Veba, che gestisce l’assistenza sanitaria dei lavoratori e che aveva ricevuto il 55% delle azioni Chrysler nell’accordo 2009 per l’uscita dell’azienda dalla bancarotta, ha il «dovere fiduciario» di ottenere il massimo possibile dalla vendita del pacchetto che ancora possiede (41,5%) a Fiat, che da parte sua ne ha bisogno per procedere alla fusione fra Torino e Detroit. La disputa è aperta davanti a un giudice del Delaware, sentenza attesa per luglio: sarà la base per chiudere l’operazione (vedi tabella).
Le attese e il mercato
Intanto le quotazioni di Fiat alla Borsa di Milano sono in forte rialzo (+27% nell’ultimo mese, +57% nei sei mesi), con gli investitori più fiduciosi.
«Da almeno un anno sostengo che il valore intrinseco di Fiat è molto superiore alle sue quotazioni – commenta Richard Hilgert, analista di Morningstar -. Calcolando la somma delle parti, cioè le auto Fiat più Chrysler, Maserati, Ferrari, Magneti Marelli, Teksid e Comau, il valore corretto di un’azione Fiat secondo me è 14 euro, quasi il triplo di oggi (5,3 euro). Gli investitori sono preoccupati per i debiti, i limiti all’utilizzo dei flussi di liquidità di Chrysler e l’anemica domanda di auto in Europa, ma non capiscono che i risultati delle operazioni in Brasile e quelli di Ferrari, Maserati e delle altre aziende del gruppo superano le perdite dell’auto in Europa; e che l’integrazione fra Chrysler e Fiat, già oggi positiva, porterà altre sinergie e risparmi.

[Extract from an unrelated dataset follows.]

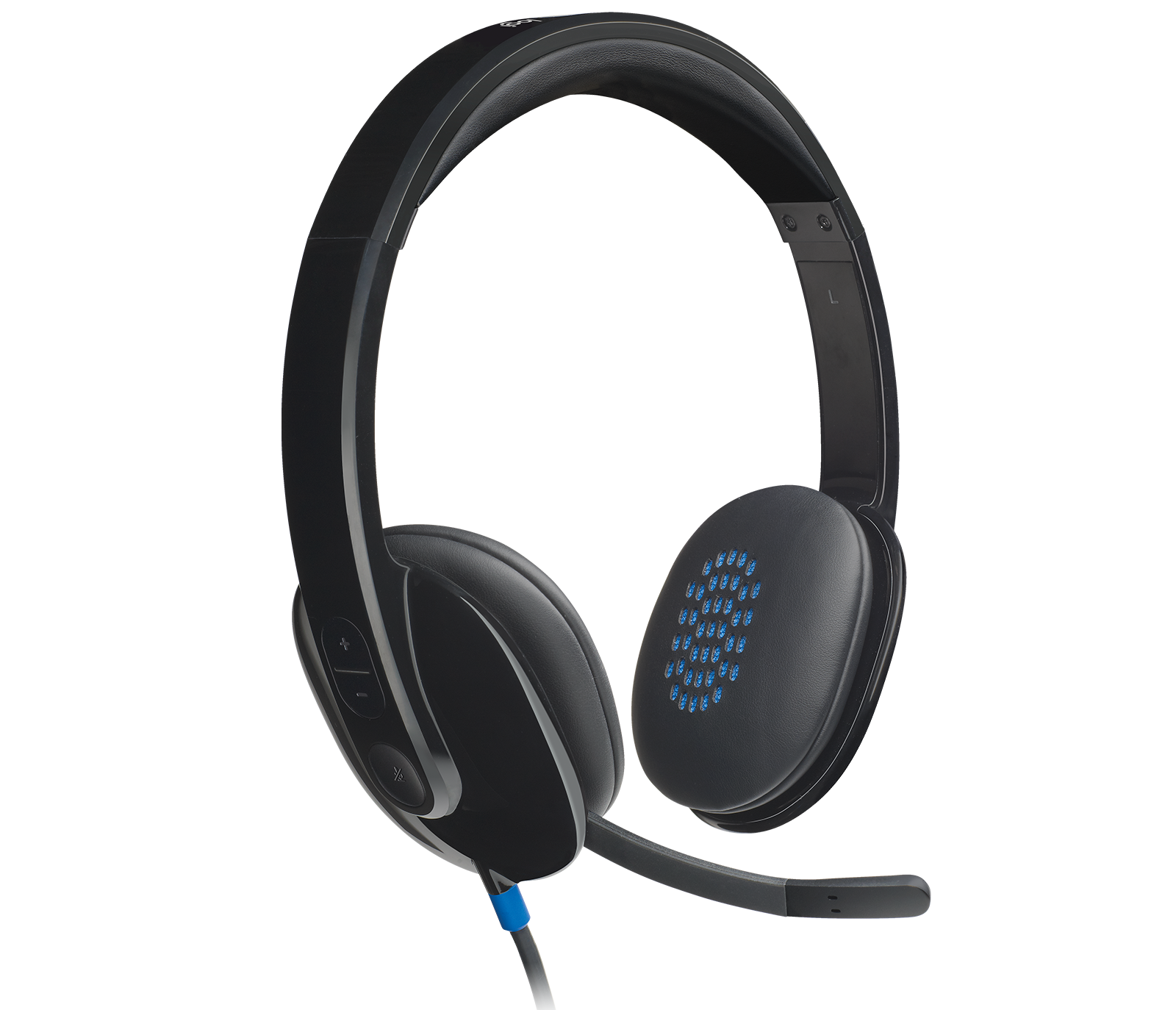 Headset shooting ear Logitech H540 stereo digital high resolution and the button controller on the ear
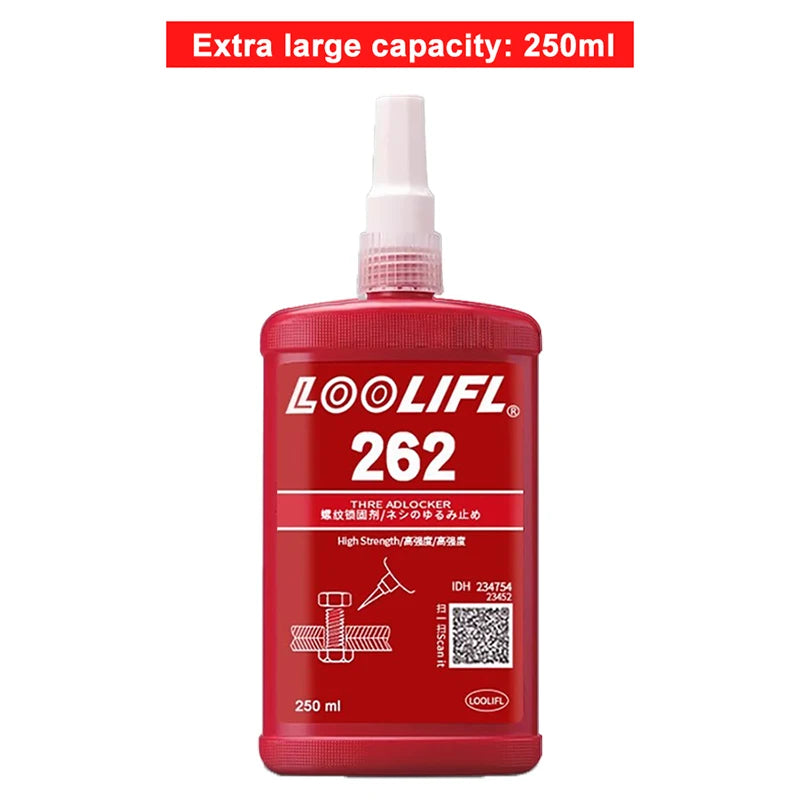 Loctite 262 Screw Lock Threadlocker Quickly Cured Thread Locking Agent Anaerobic Adhesive Corrosion-Resistant Anti-LooseningGlue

Gli azionisti che hanno il fegato di sopportare gli alti rischi del rilancio Fiat-Chrysler e la pazienza di aspettare saranno premiati. Quanto? Bisogna vedere come sarà ristrutturato il capitale della nuova entità dopo la fusione, con il rifinanziamento di parte dei debiti».
Il mercato europeo ha dato segni di risveglio il mese scorso, con un aumento delle vendite dell’1,8%, mentre per Fiat è continuato il calo (-9,8% sul 2012) ed è quindi sempre più rilevante l’apporto di Chrysler. Ma non è l’unico produttore a contare sull’America.
«Il mercato americano negli ultimi tre anni ha trainato fatturato e profitti di tutti i produttori mondiali di auto: l’aumento assoluto (non percentuale) delle vendite nel 2012 infatti è stato maggiore che in Cina, diventato nel 2009 il Paese numero uno – sottolinea Stefano Aversa, managing director e co-presidente di AlixPartners -. Il fatturato dell’auto in America è tornato al 90% dai livelli pre-crisi del 2007, grazie all’andamento positivo demografico e al rinnovo del parco macchine, che ha un’anzianità media (dieci anni) superiore a quella europea. Anche per Fiat-Chrysler la maggior parte del fatturato e soprattutto degli utili continuerà a venire dal Nord America, con l’Europa e il Sud America al secondo e terzo posto e l’Asia per ora ininfluente. Ma non credo che il centro di potere della nuova entità dopo la fusione sarà concentrato a Detroit, mi immagino più poli nel mondo, secondo una strategia che vedrà molte funzioni e tutte le piattaforme dei modelli integrate globalmente».
Il quartier generale
Convinto invece che Marchionne sceglierà Detroit per il quartier generale della nuova Fiat è David Cole, presidente della società di ricerca Auto harvest presso la University of Michigan: «Mi sorprenderei se non lo facesse, perché qui c’è la leadership mondiale dell’industria dell’auto. Attorno a Detroit non solo hanno sede General Motors, Ford e Chrysler, ma hanno i centri tecnologici le asiatiche Honda, Nissan e Toyota. Microsoft, Intel, Google hanno un’importante presenta legata al settore ed è qui che operano 350 fornitori e si svolge il 70% della ricerca e sviluppo del settore. Insomma questo è il centro intellettuale del mondo dell’auto. Avere qui il cervello permette di interagire con chi conta e di collaborare a progetti comuni secondo il nuovo modello coo-petition: in una parte del mondo si coopera, in altre si compete».